Original U.S. WWII RH Pal 36 MkII-Style Fighting Knife with Leather Scabbard
Original Item: Only One Available. This is an excellent example of the U.S. PAL RH 36 fighting knife, manufactured by the PAL Cutlery Company, complete with original leather scabbard.
According to The Official Price Guide of Collector Knives by C Houston Price & Mark D Zaleysky, PAL was originally used as a trademark by the Utica Knife & Razor Company of Utica, NY from about 1924-1939. PAL marked knives of that era used blades imported from Germany, and the blades typically bore the word “Germany” as well. Another company using the name PAL was established in Chicago in 1934. This company was known as the Pal Blade Company of Chicago, and was started by Otto Kraus. In 1935 the two “PAL” companies merged into one, known simply as the PAL Blade Company, and opened a manufacturing facility in Plattsburg, NY. Around 1940 PAL purchased the cutlery division of the Remington Arms Company, including of their existing stock of completed knives and knife parts.

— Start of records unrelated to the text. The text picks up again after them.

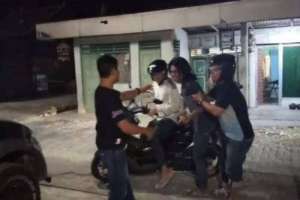 Waduh! Pemuda di Grobogan perkosa nenek 90 tahun, ditangkap usai kepergok anak korban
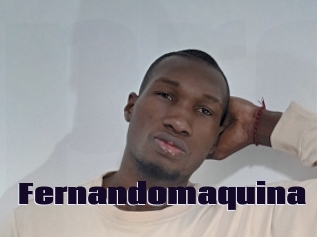 Fernandomaquina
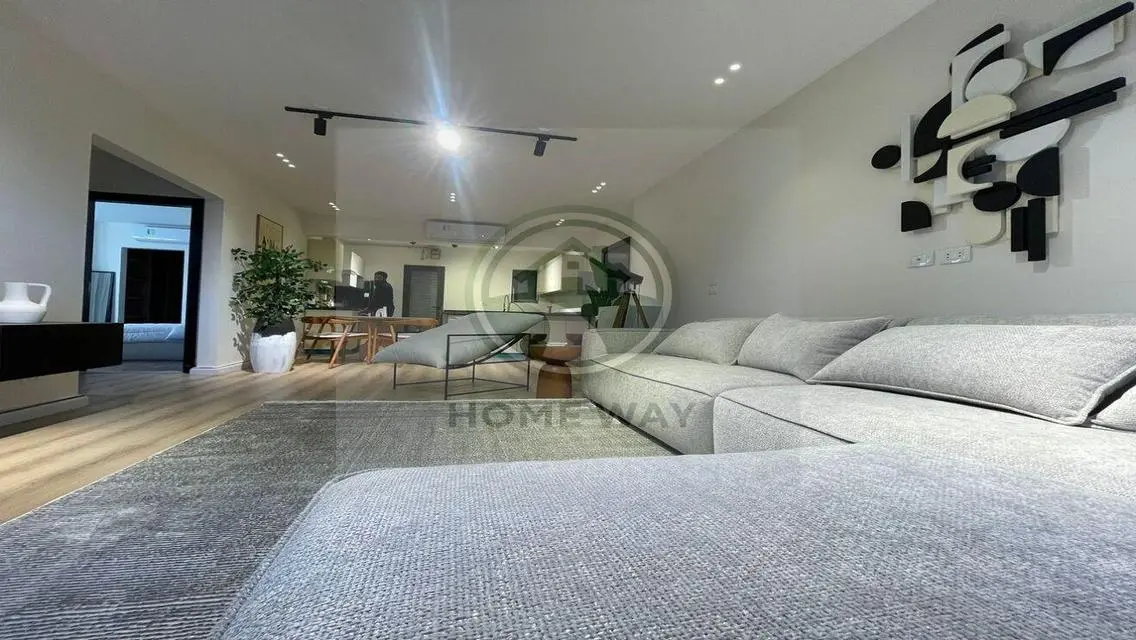 Luxurious Apartment for Sale with Stunning View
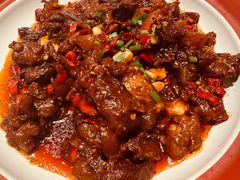 -南昌大饭店·非遗南昌菜(万寿宫店)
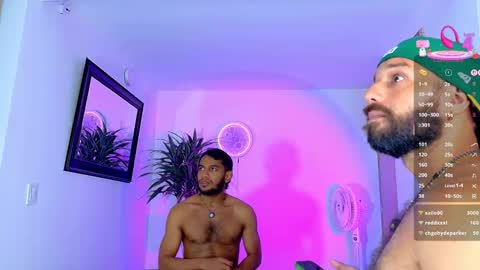 Andres online show from March 30, 8:48 am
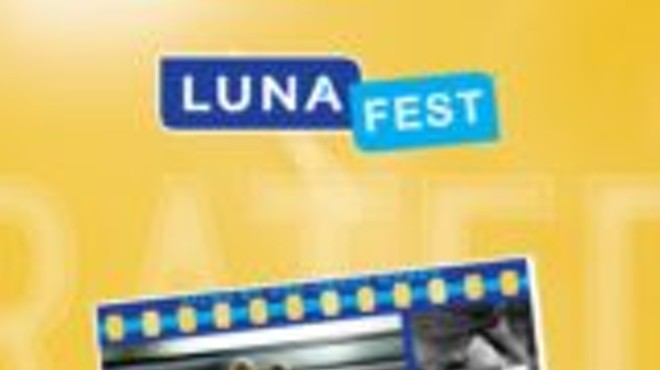Lunafest 2020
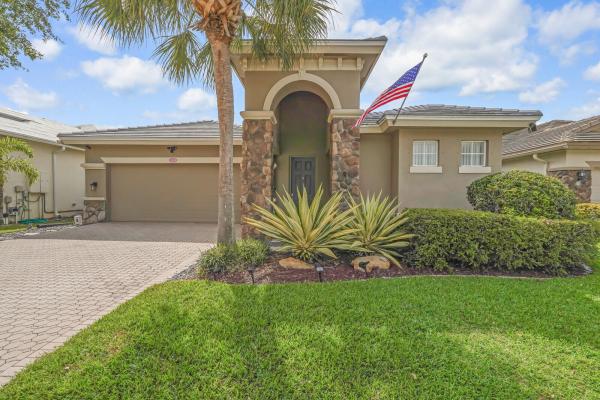 Osprey Isles, 11210 Osprey Lake Ln, Palm Beach Gardens, Florida 33412, image 1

While PAL was originally a manufacturer of pocketknives, but after the Remington acquisition they expanded their range of products to include a variety of fixed blade knives as well. PAL received a number of US government knife contracts during World War II and produced thousands of combat knives during the war years. Pal went out of business in 1953.The USN Mark 1 combat knife was produced by a variety of manufactures during World War II and was issued to Navy personnel by the thousands. It had a 5 ¼” long blade and was patterned after typical hunting and sideknives of the era. The subsequent Mark 2 knife had a longer 7” blade.
This particular example was manufactured by the PAL Cutlery Company, and is in very good condition, complete with the matching leather scabbard. It has a substantial 6 1/4 inch long wide clip-point blade, patterned after the USN MkII. The ricasso is clearly marked on one side of the blade: RH – PAL / MADE IN USA – 36. These were generally private purchase knives, and were available to anyone, as well as the public. The blade is in very good condition, and still has a lot of the original phosphate finish on the blade body. It has the usual wear on the edges and corners, and has been sharped some, though not enough to change the shape of the blade, and still shows original factory grind marks.

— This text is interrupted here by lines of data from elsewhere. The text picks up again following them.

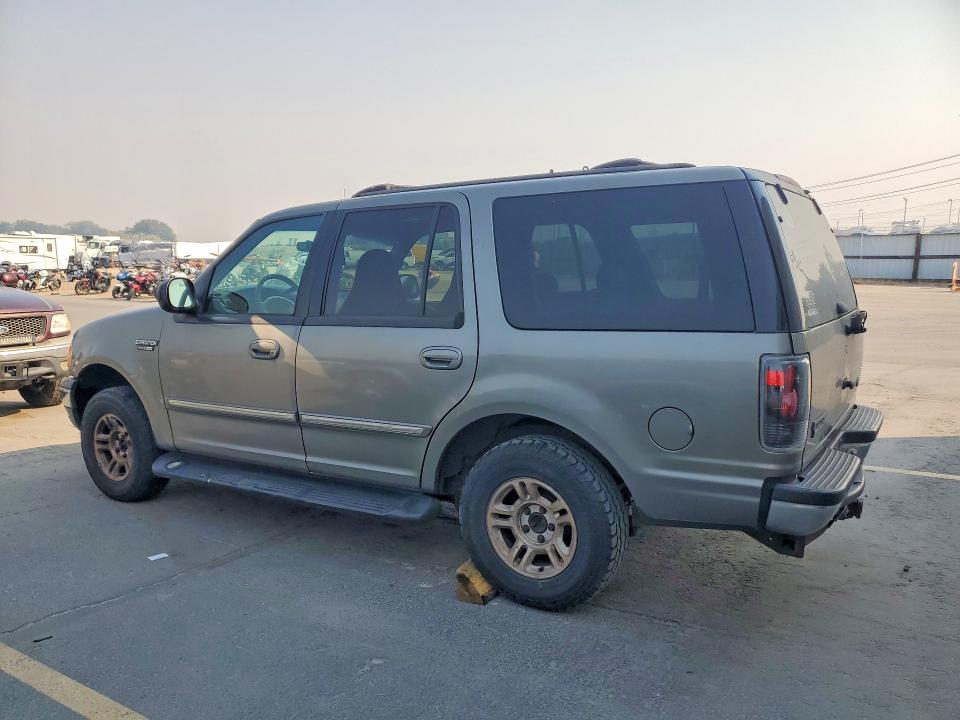 Aukcja sprzedaży 1999 Ford Expedition, vin: 1FMPU18L4XLB73824, numer aukcji: 63230756
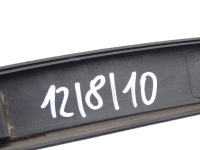 Молдинг крыла левое  перед левая передняя vw tiguan 1 5n рестайлинг  5n0854731b в Украине, фото thumb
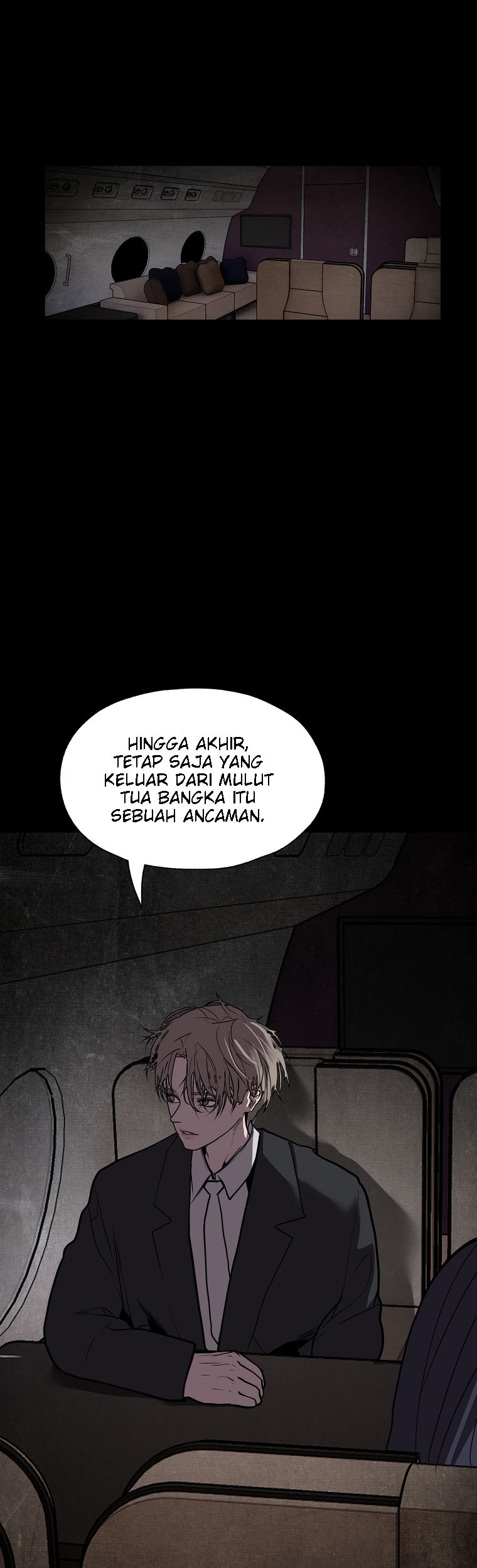 VR HERO Chapter 23 - halaman 26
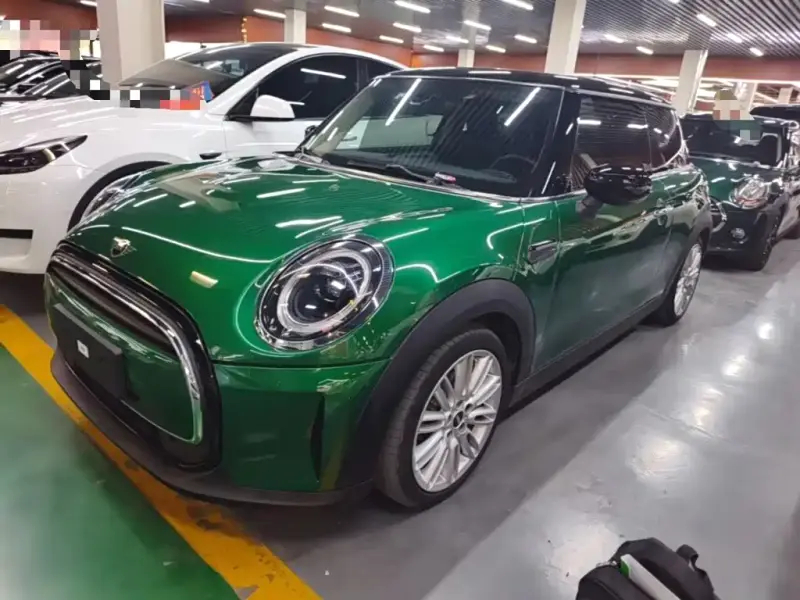 MINI Mini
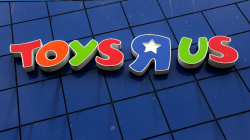 Ghost of Toys R Us still haunts toy makers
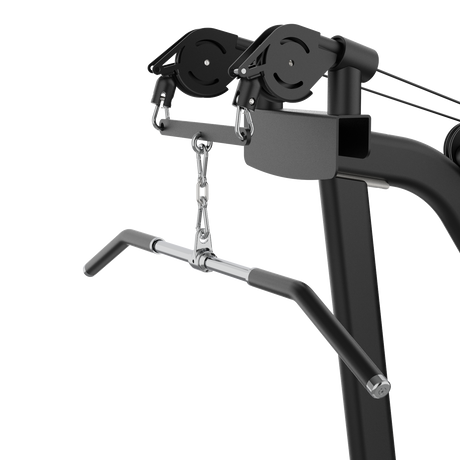 Lat Pulldown IRONSIDE Luxe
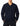 Gianni Lupo Men's V-Neck Sweater Navy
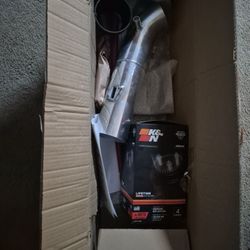 G35 Intake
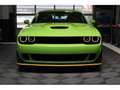 Dodge Challenger RT ScatPack 6.4 V8 Widebody Last C Grün - thumbnail 3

The hilt is composed of multiple thin leather washers, with the ones closest to the cross guard being of dark red and black plastic. This same dark red washer pattern occurs near the cast aluminum pommel cap as well. The leather does show aging and a bit of wear, though there is no cracking or major damage. A nice lightly used grip, just the way you want to find them.
The scabbard is the earliest leather version and is in very good condition. The leather has aged to a nice red brown, and is still supple, with no cracking that we can see. The snap is still functional, though the finish has worn off, and there is some verdigris build up. Also, one of the top rivets on the scabbard side has pulled through, however this does not impact the functionality.
Overall this is a great chance to own a gently used PAL 36 knife. No collection of World War II US military knives is complete without a PAL knife. Ready to display.